Caption-style text data:
*** Block opens ***

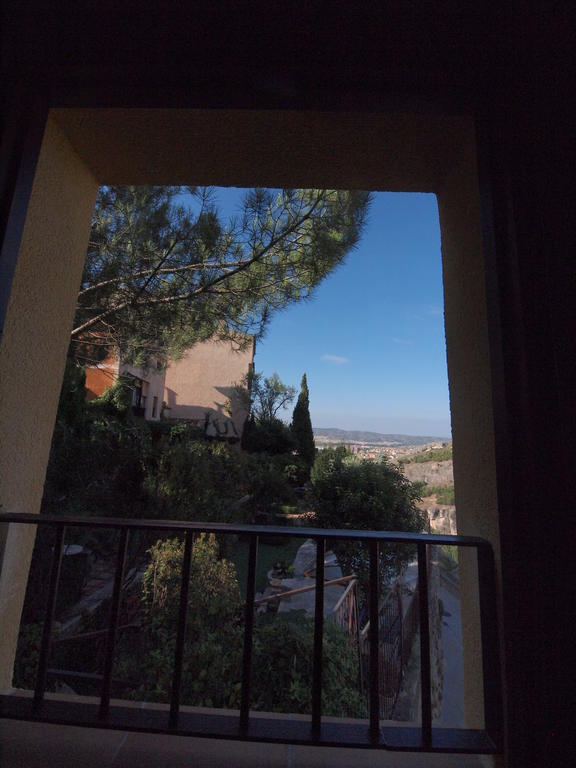 Los Ojos De La Mora Apartamentos Boutique Cuenca  Værelse billede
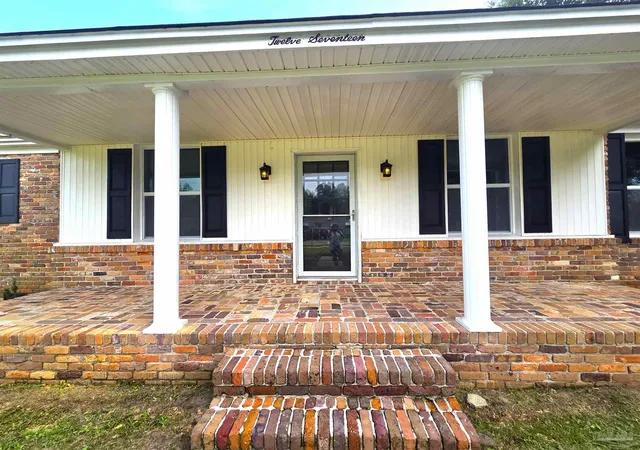 Photo 3 of Single family home for sale at 1217 Dexter Ave, Pensacola, FL 32507 | MLS# 688182 | Listing updated on 2026-09-03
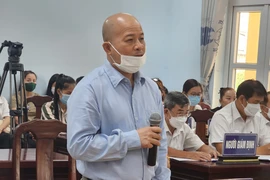 Út 'trọc' lãnh thêm 5 năm tù về tội trốn thuế 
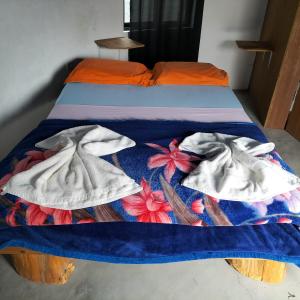a bed with two towels on top of it at Pensao Zé Doce in Portela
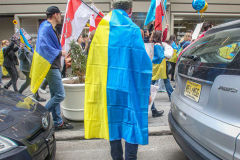 Stimulated by the recent bombings of Mariupol and the children killed and orphans left at risk,, Razom for Ukraine and Ukrainian Jersey City organized a peaceful protest in NYC and major cities in the US.
Starting in Midtown at the UNICEF offices to Fox News then ending in Times Square, the peaceful march of several hundred chanted “Save our Children” and “Putin is a Killer”. People from the local community as well as other neighboring countries came to protest and speak in the final part of the March. Manhattan, NY. March 18, 2022. (C) Bianca Otero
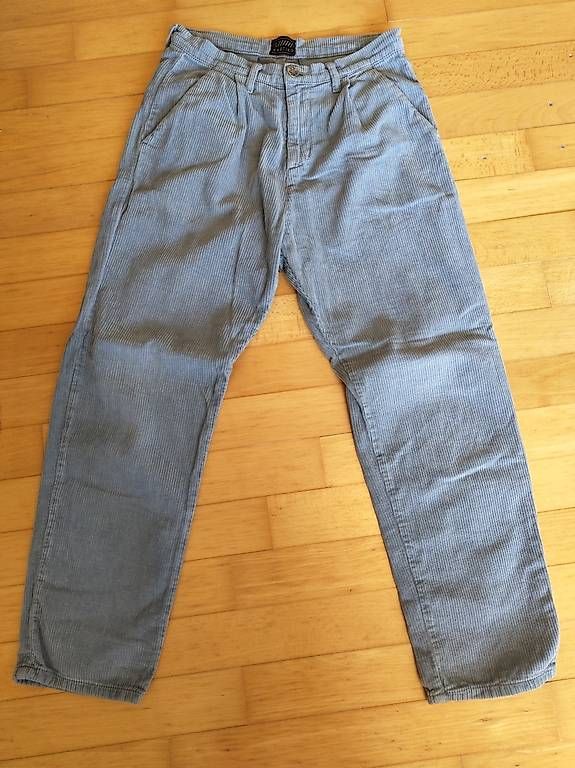 Pantaloni: Kaotiko Manchester Hose hellblau Gr. S – Usato da Einsiedeln venduto da Matteo_123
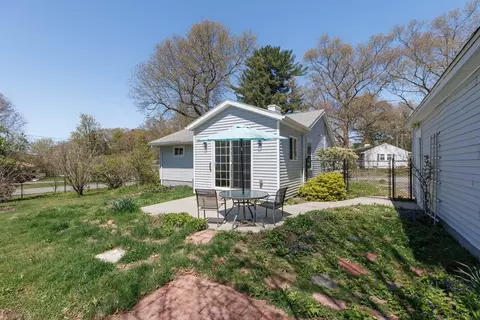 Exterior - 15 Crestmont St, Springfield, MA 01108 photo 3 of 3
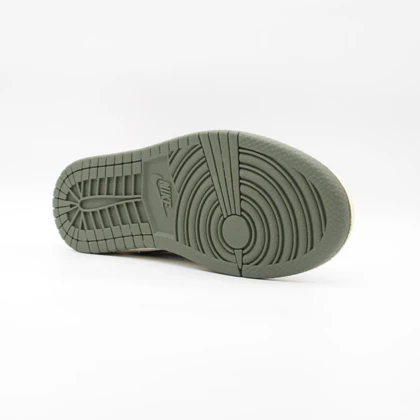 نایک ترویس کرم سبز کد 6855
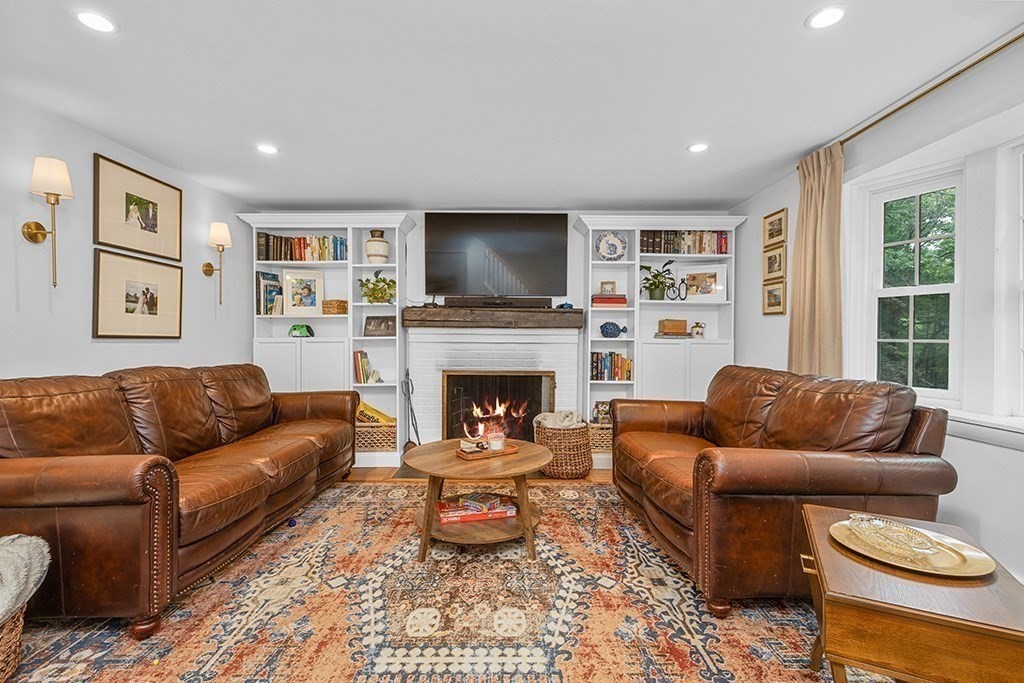 73 High Street Medfield, MA 02052 - Photo 7 of 38
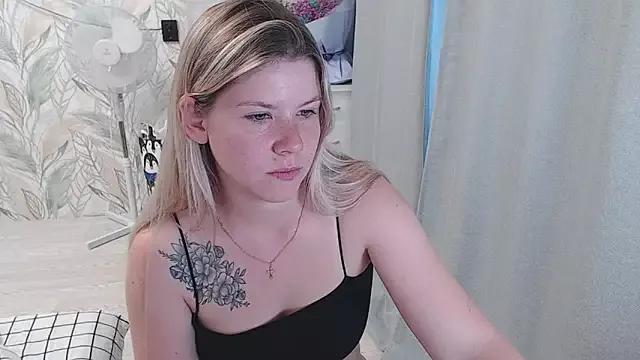MelissaXKinky from StripChat is Freechat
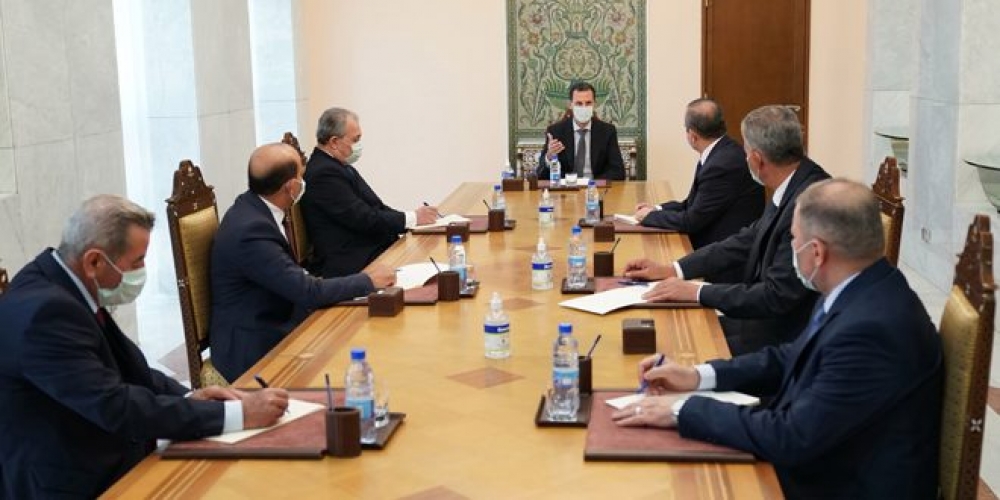 الرئيس الأسد: المحافظ هو ذراع أساسي للدولة لمراقبة وإدارة عمل المؤسسات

*** Block closes ***

:: Requirement ::
Word for word, repeat the lines above from the one with "Starting in Midtown" through the one with "MelissaXKinky from StripChat is Freechat", and nothing beyond them. Omit the pictures.

:: Solution ::
Starting in Midtown at the UNICEF offices to Fox News then ending in Times Square, the peaceful march of several hundred chanted “Save our Children” and “Putin is a Killer”. People from the local community as well as other neighboring countries came to protest and speak in the final part of the March. Manhattan, NY. March 18, 2022. (C) Bianca Otero
 Pantaloni: Kaotiko Manchester Hose hellblau Gr. S – Usato da Einsiedeln venduto da Matteo_123
 Exterior - 15 Crestmont St, Springfield, MA 01108 photo 3 of 3
 نایک ترویس کرم سبز کد 6855
 73 High Street Medfield, MA 02052 - Photo 7 of 38
MelissaXKinky from StripChat is Freechat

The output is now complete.